■ **Extracted information**:

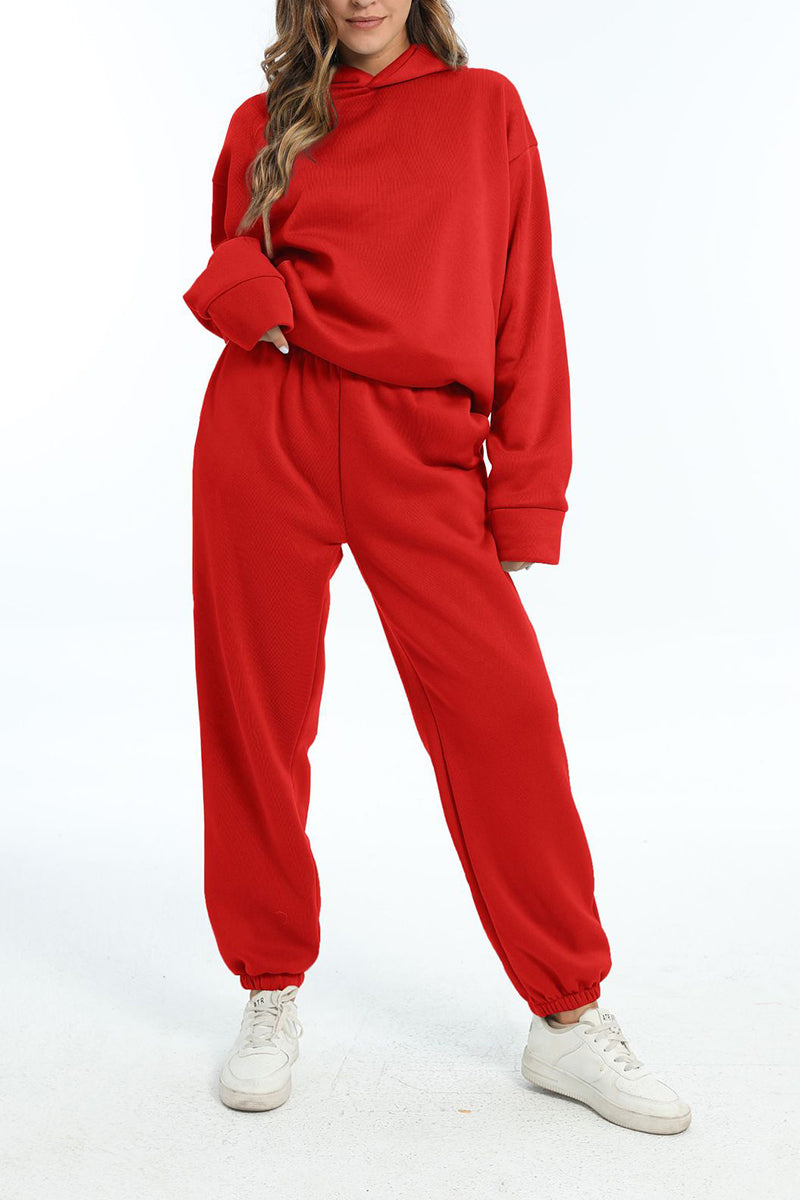 Relaxed Hoodie and Joggers Lounge Set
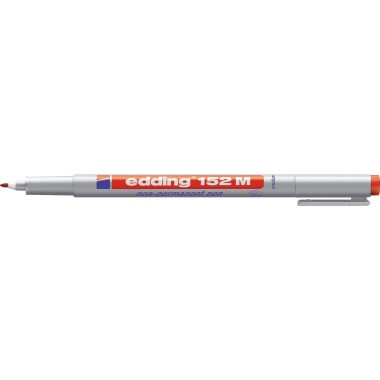 edding Folienstift 152 M 1mm rot nicht dokumentenecht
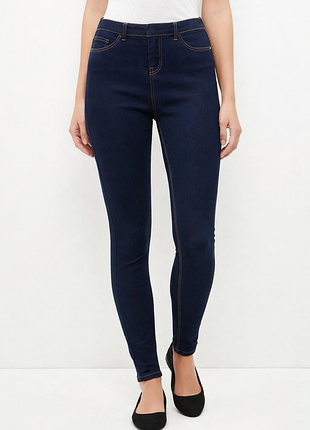 Джеггінси жіночі темно-сині new look uk12 eu 42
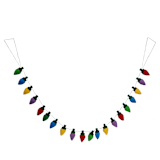 "Felt Holiday Lights Garland" - Garlands in multicolor by Global Goods Partners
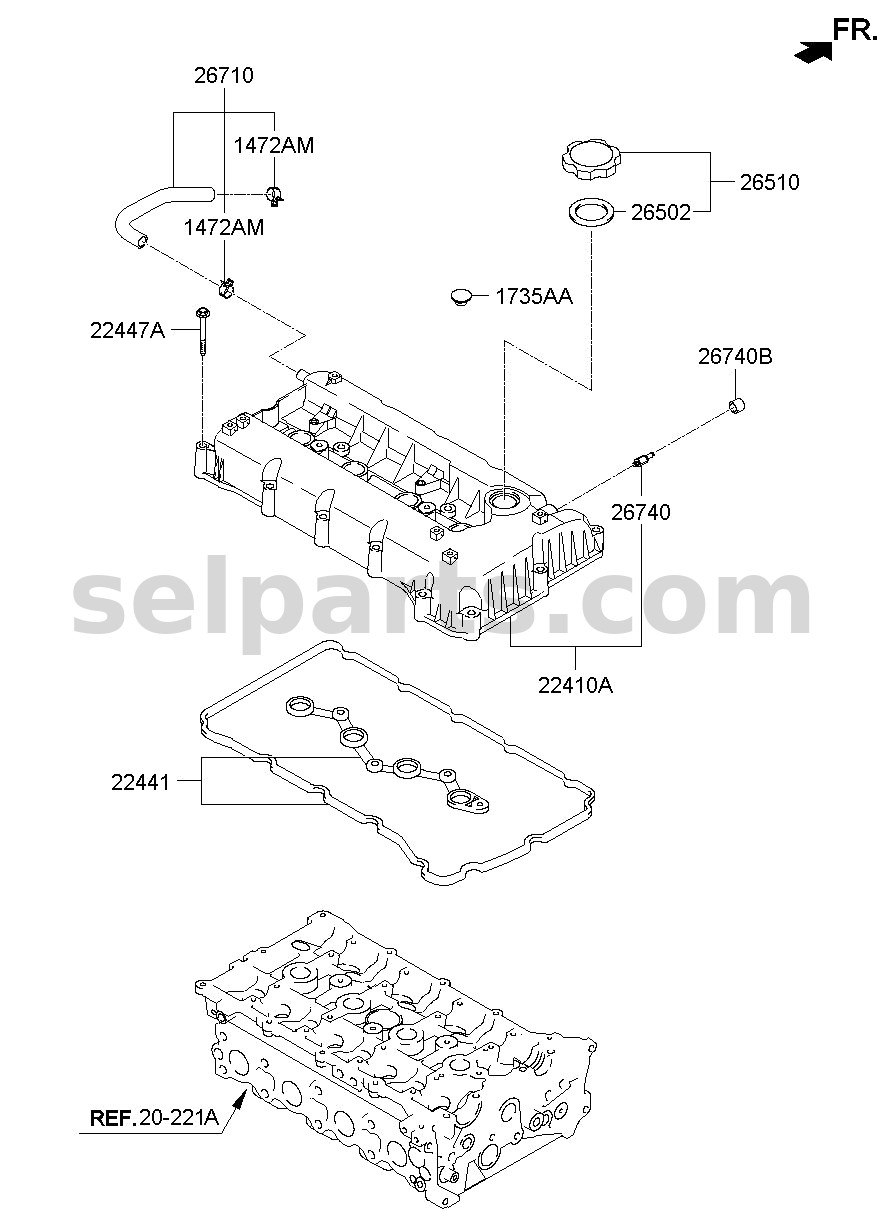 Genuine COVERING ASSY-RR SEAT CUSHION for Kia K5 #89160D4120DKD
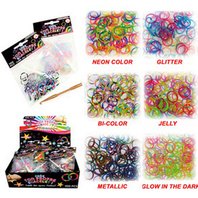 Loombands Set 200 buc + 8 accesorii + 8 incuietori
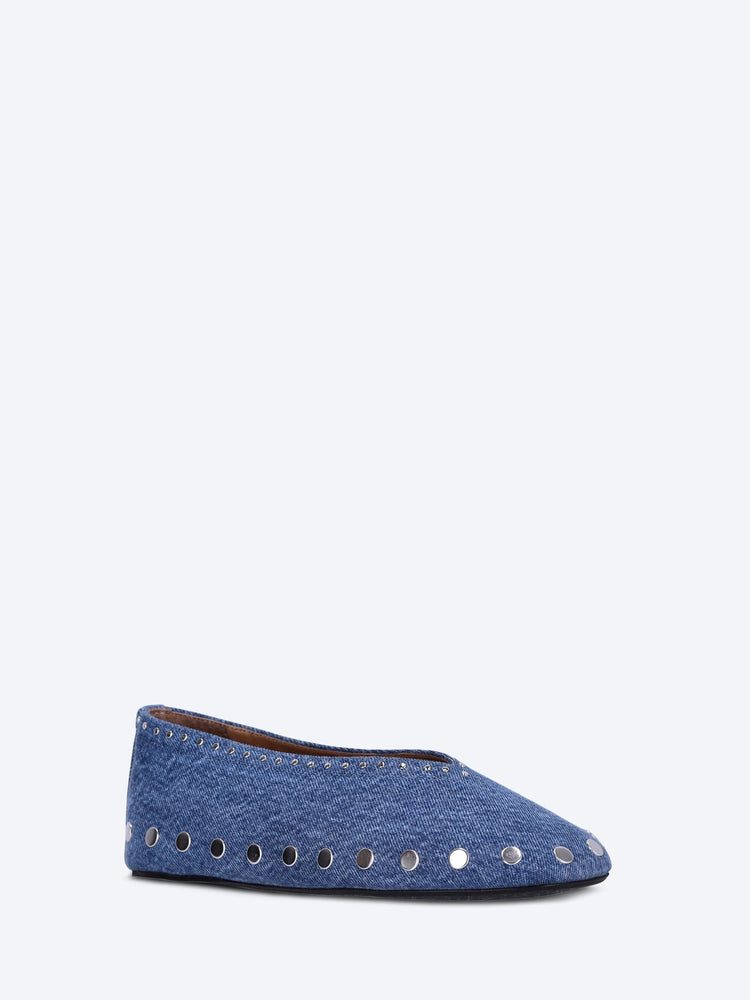 Jenny ballerina denim ballerinas 2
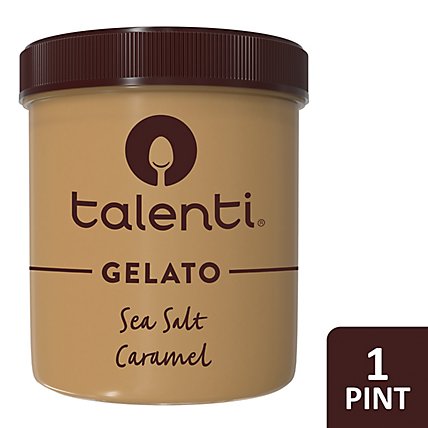Talenti Sea Salt Caramel Gelato - 1 Pint - Image 1
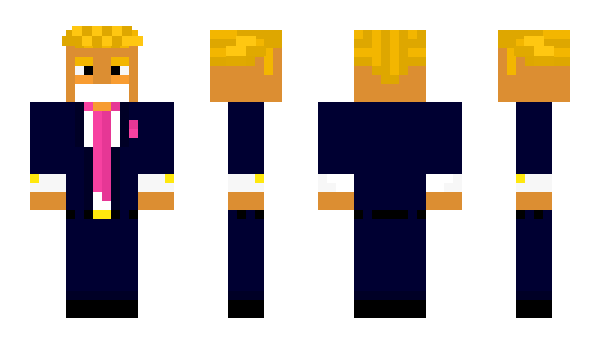Minecraft скин по нику OrangeTrump
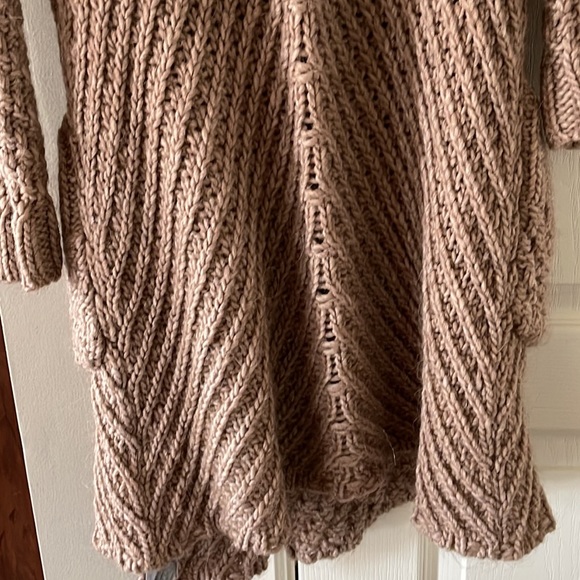Free People Buttermilk Biscuit Sweater Cardigan - Picture 11 of 11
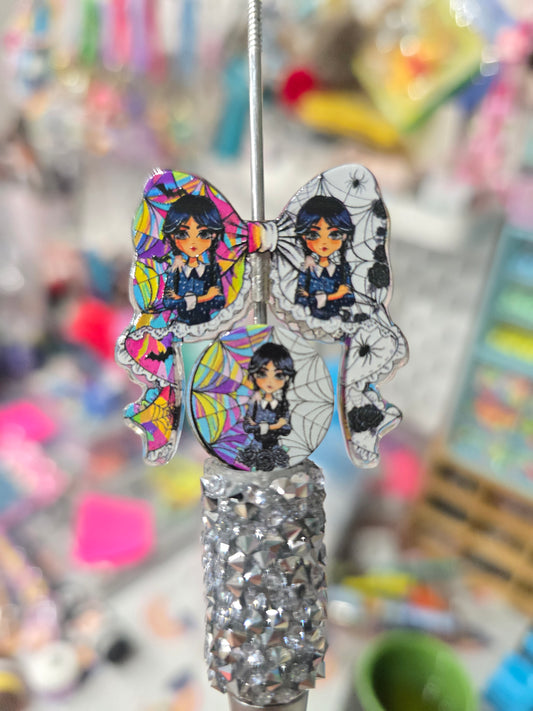 Focal acrylic beads- Wednesday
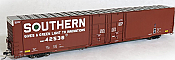 Tangent Scale Models 25014-08 - HO Greenville 86ft Double Plug Door Box Car - Southern #42539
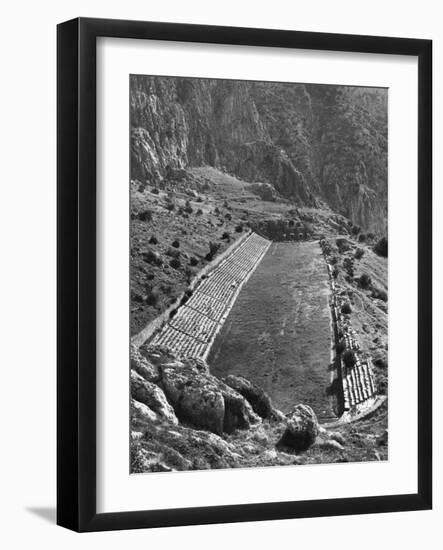 Stadium, Delphi, Greece, 1937-Martin Hurlimann-Framed Giclee Print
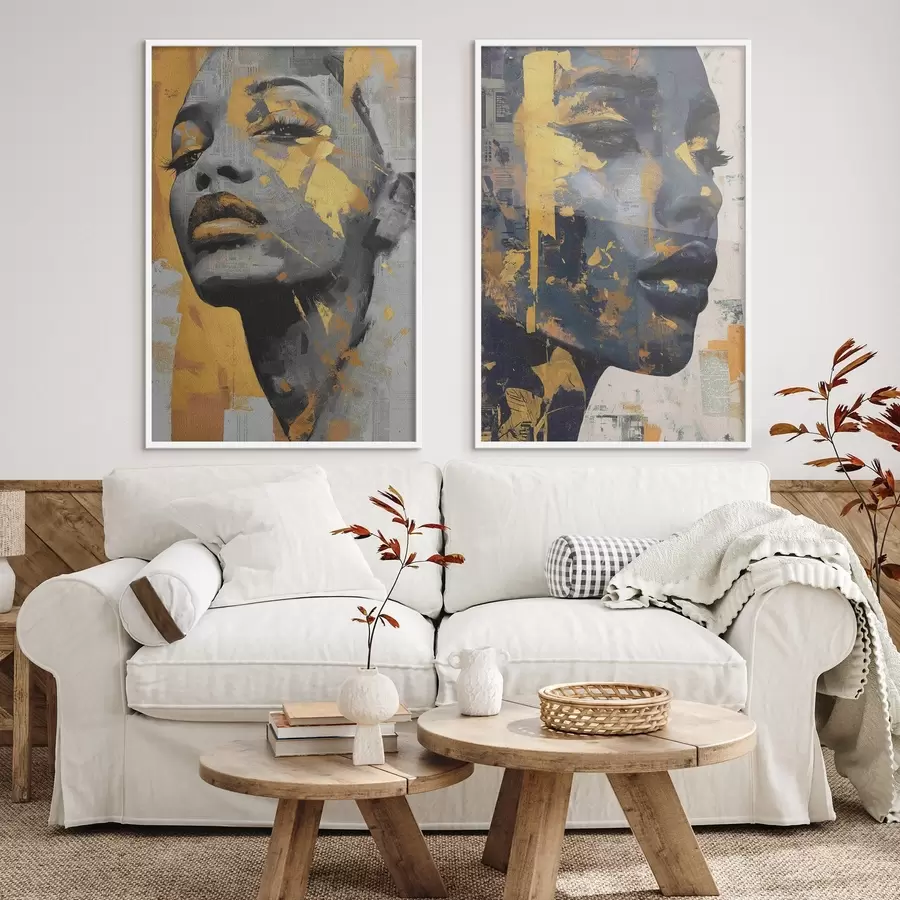 Fototapetai Abstraktus moters veidas d00603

■ **The task**: Omit pictures; set down the rest of the material word for word.

■ **Exercise response**:
 Relaxed Hoodie and Joggers Lounge Set
 edding Folienstift 152 M 1mm rot nicht dokumentenecht
 Джеггінси жіночі темно-сині new look uk12 eu 42
 "Felt Holiday Lights Garland" - Garlands in multicolor by Global Goods Partners
 Genuine COVERING ASSY-RR SEAT CUSHION for Kia K5 #89160D4120DKD
 Loombands Set 200 buc + 8 accesorii + 8 incuietori
 Jenny ballerina denim ballerinas 2
Talenti Sea Salt Caramel Gelato - 1 Pint - Image 1
Minecraft скин по нику OrangeTrump
Free People Buttermilk Biscuit Sweater Cardigan - Picture 11 of 11
 Focal acrylic beads- Wednesday
 Tangent Scale Models 25014-08 - HO Greenville 86ft Double Plug Door Box Car - Southern #42539
 Stadium, Delphi, Greece, 1937-Martin Hurlimann-Framed Giclee Print
 Fototapetai Abstraktus moters veidas d00603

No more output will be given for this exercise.